Content starts
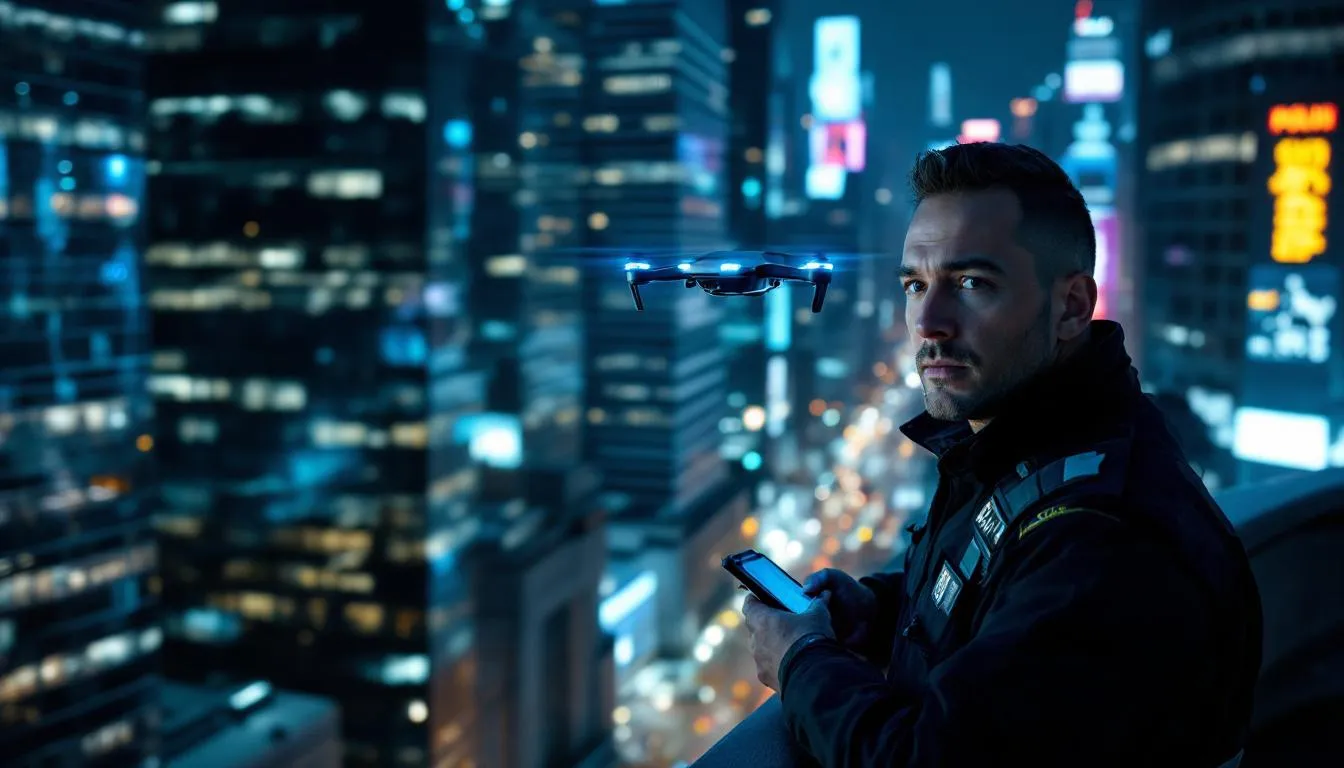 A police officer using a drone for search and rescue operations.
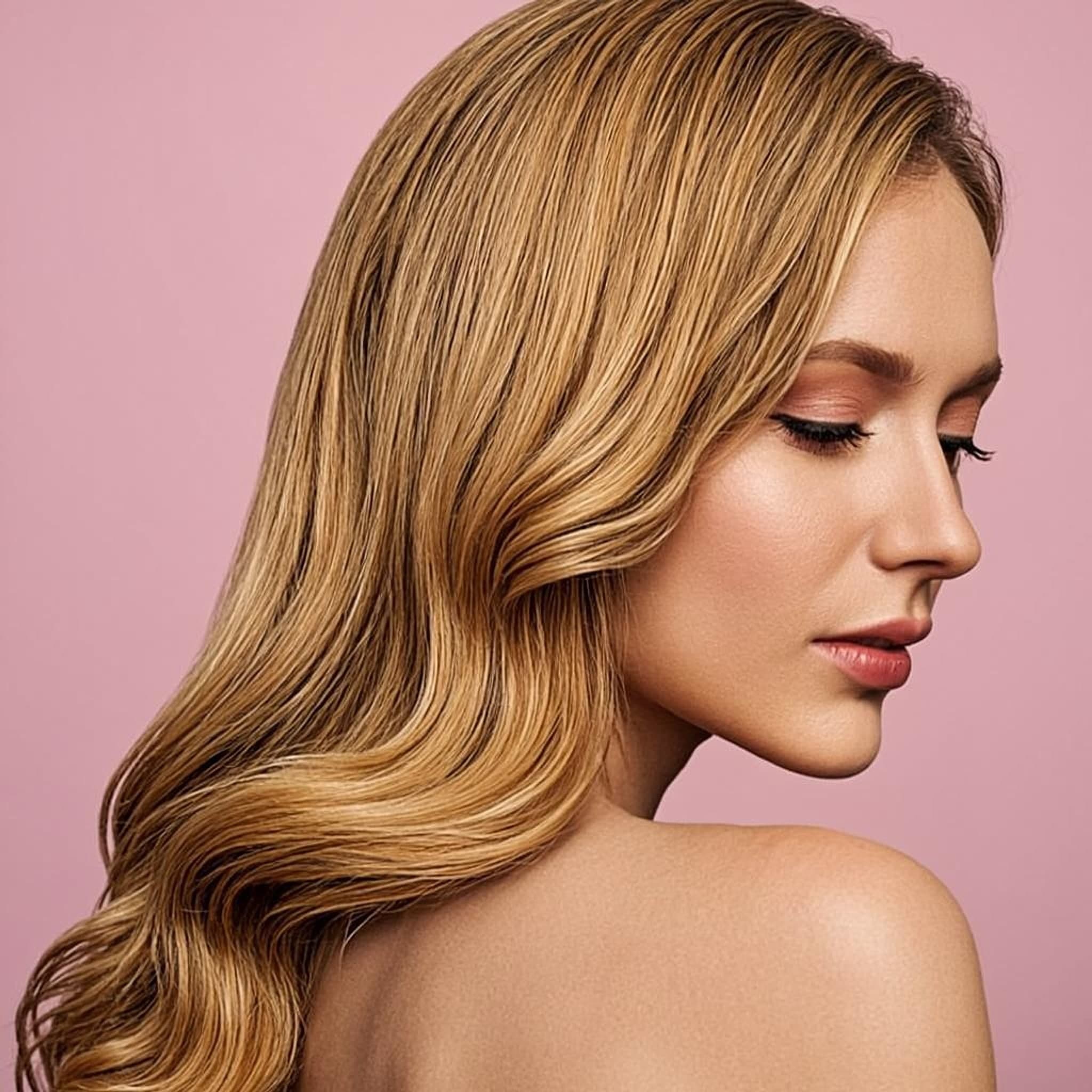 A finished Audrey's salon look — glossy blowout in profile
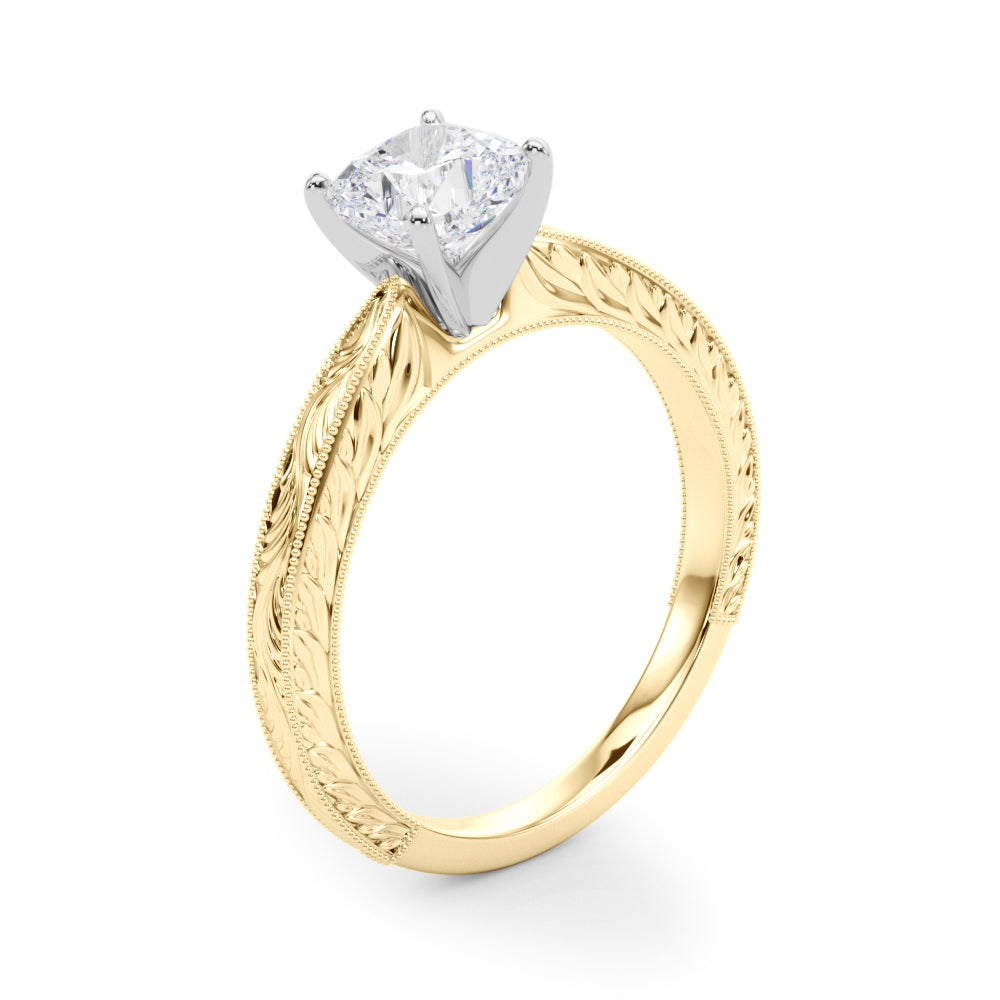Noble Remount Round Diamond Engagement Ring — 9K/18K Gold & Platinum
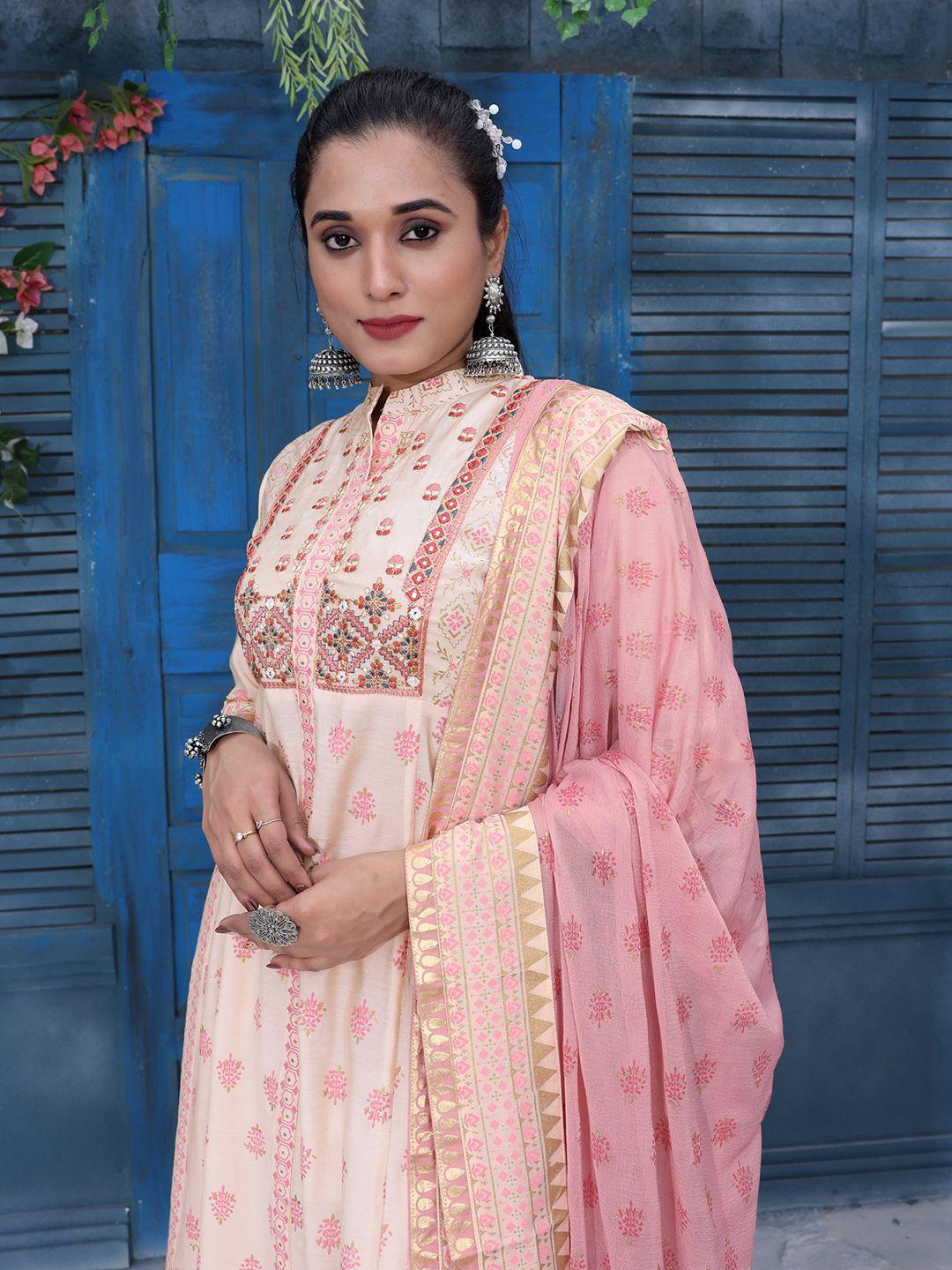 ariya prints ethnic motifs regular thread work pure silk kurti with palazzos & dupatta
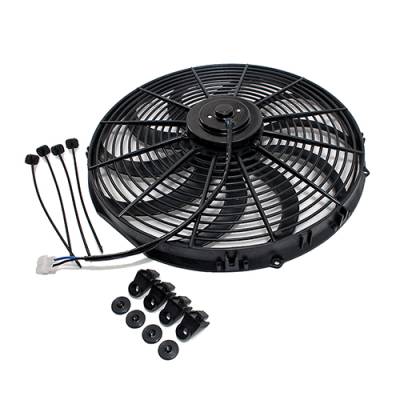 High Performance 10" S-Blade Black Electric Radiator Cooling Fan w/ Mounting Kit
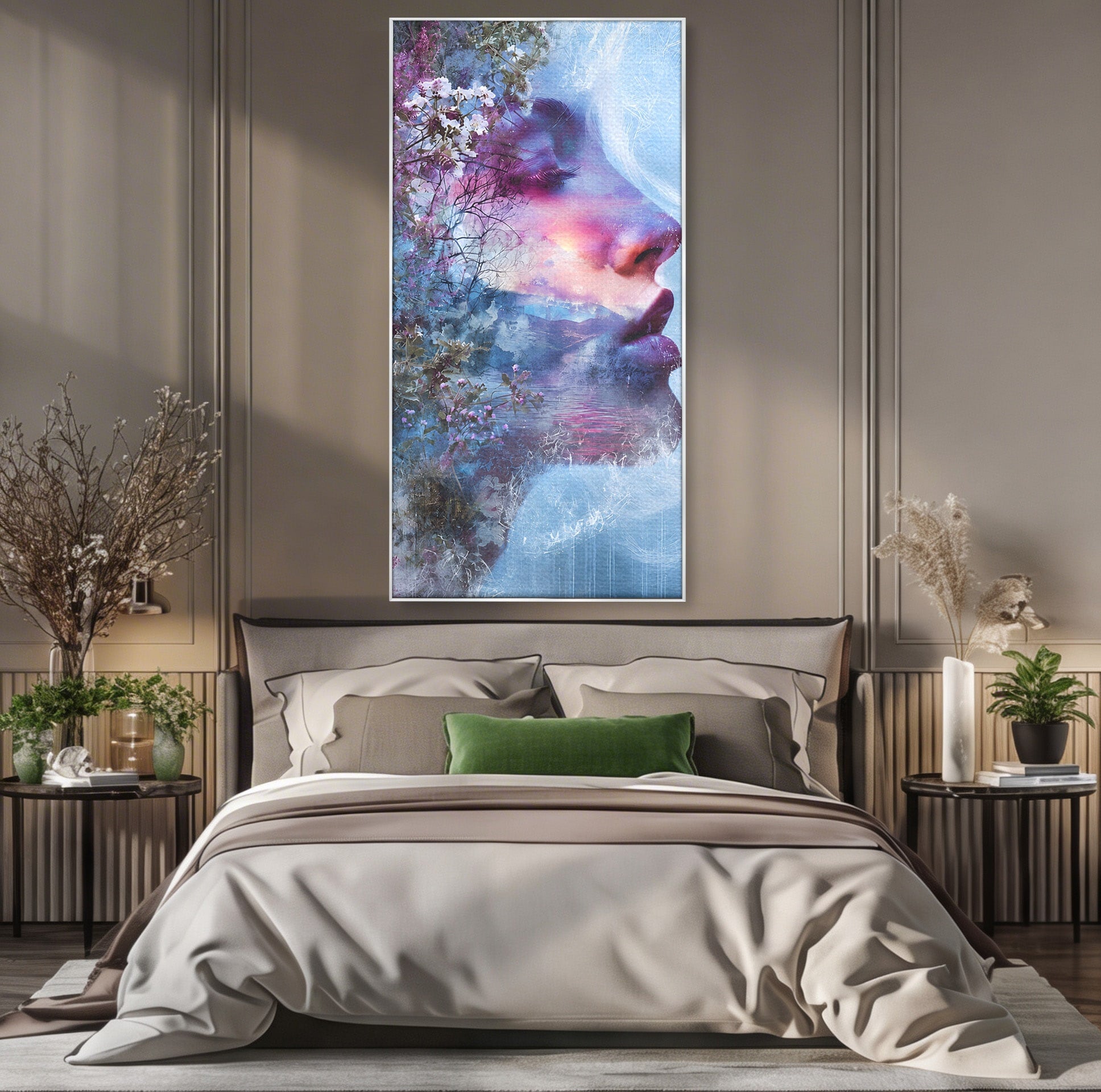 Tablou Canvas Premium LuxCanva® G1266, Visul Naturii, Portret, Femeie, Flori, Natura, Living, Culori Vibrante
Content ends
*Work order*
Pictures are not part of the copy. Extract exactly the lines from the line containing "w/ Mounting Kit" through the final line of the entries above, both included.

*Answer box*
 High Performance 10" S-Blade Black Electric Radiator Cooling Fan w/ Mounting Kit
 Tablou Canvas Premium LuxCanva® G1266, Visul Naturii, Portret, Femeie, Flori, Natura, Living, Culori Vibrante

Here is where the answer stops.